Thursday, April 7, 2011

This one's for you Daddy xo

Flowers always make me smile, especially when they remind me of loved ones.  The last present my Daddy gave me before he died was a bunch of pink tulips.  He apologized that his birthday present that year was so simple. He was battling cancer, and losing, and I cherished them as if they were made of gold. Sadly, he passed before they dropped their last petal.  His third anniversary is on Sunday, and I still think about him every day.  I wish he was here to talk to,  at least on the other end of the phone.  He never saw my new life in California.  He'd love the weather but hate the social life - Silicon Valley - bedtime by 11pm!

I think he'd be proud of the work I've done in the garden.  Well, I'm proud of the work I've done in this garden. No false modesty here.
Daddy's favorite flower was a daffodil. It's the only flower that I ever recall seeing him plant.  Shorty before he died, he told me that it lifted his heart to see them blossom.

"The summer's nearly here, things are always easier in the warmer days and bright evenings," he told me.  He never saw that summer.

Mummy is the gardener in our house.  While she grew vegetables and beautiful flower beds, Daddy built a cacophony of sheds on the property surrounding our new house, from building materials he had salvaged from the old house before they demolished it.  Each shed had a name that bore testimony to the family's sense of humor.

There was the "Tenko" house - built from green corrugated tin (and not to be confused with the greenhouse), one really hot summer that saw us all wearing bikinis and sunburn (except Daddy - he was in shorts and sunburn!) so that we looked like the cast from the TV drama about British women taken prisoner by the Japanese during the second world war.

There was the "IC3620" hut - just a shed with the number plate of Daddy's first ever car nailed to the door. 

We had the best tree house ever - built so high up an old elm tree that Mummy was afraid to go up the wobbly ladder to it. Kids these days would never be allowed in such a precarious structure - but we loved it.

But my favorite was the "Pavillion."  he actually bought new materials for this one. It was a wooden structure with a glass front and a porch.
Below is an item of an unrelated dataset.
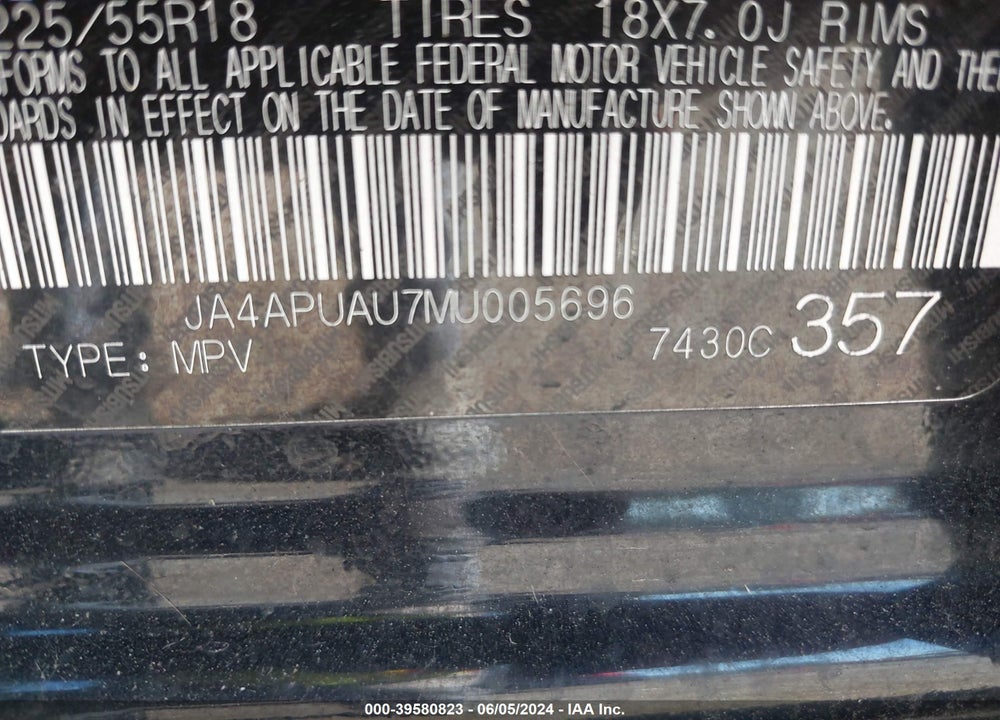 2021 MITSUBISHI OUTLANDER SPORT 2.0 BE 2WD/2.0 ES 2WD/2.0 LE 2WD/2.0 S 2WD VIN: JA4APUAU7MU005696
There was the barn (it was there already - he didn't build it) and the storeroom and the boy's kitchen(don't ask!) and a couple of plain old sheds - from aerial pictures we must have looked like a small city!


When I bought my first house in Belfast, Daddy came and fashioned a lean-to shed onto the back door.  After several leaky years, we had to take it down again!

However, I did learn some valuable gardening tips from him. It wasn't that he actually said the words, "Never leave your rake lying with the prongs sticking up."  Instead, he told the story (he was an excellent story teller) about a guy who worked for him who stood on the prongs of the rake. Not only did the rake go through the poor guy's foot, but the shaft shot up and hit him in the face, busting his nose.  When the hapless fellow saw the blood, he fainted, landing in the wheel barrow that was sitting behind him.  His co-workers simply wheeled him to the office in the barrow, to tell Daddy what had happened. I'm very careful how about how and where I set my rake.

All very good advice when you consider all the raking of red lava rock I've been doing lately. Finally, it is all gone thanks to a few Master Gardeners taking it for potting up their succulents.
I think making little paths is to me what building sheds was to Daddy.  I couldn't help myself here.  Now, I'm ready for the compost and the wood chips. Oh great - another giant heap of woodchips in the driveway... my muscles ache at the thought.
 
Hopefully, once I have the wood chip mulch down, I won't need to buy in so much fertilizer for the orchard. Even if it is organic fertilizer, the compost and mulch make this project much more sustainable.  For more sustainable gardening ideas and a chance to win some gardening prizes have a look at Jan's Thanks for Today gardener's sustainable living project 2011.  Always lots of great ideas there.

The native shade garden at the other side of the house is coming into its own.
Coral Island Bells (Heuchera Maxima)
California wood straberry (Fragaria californica)

California Huckleberry (Vaccinium ovatum)

One last thing -  I noticed whilst raking the red lava rock that there was a lot of junk amid the stone.  It certainly reinforces what I always say - gardening ruins your nails!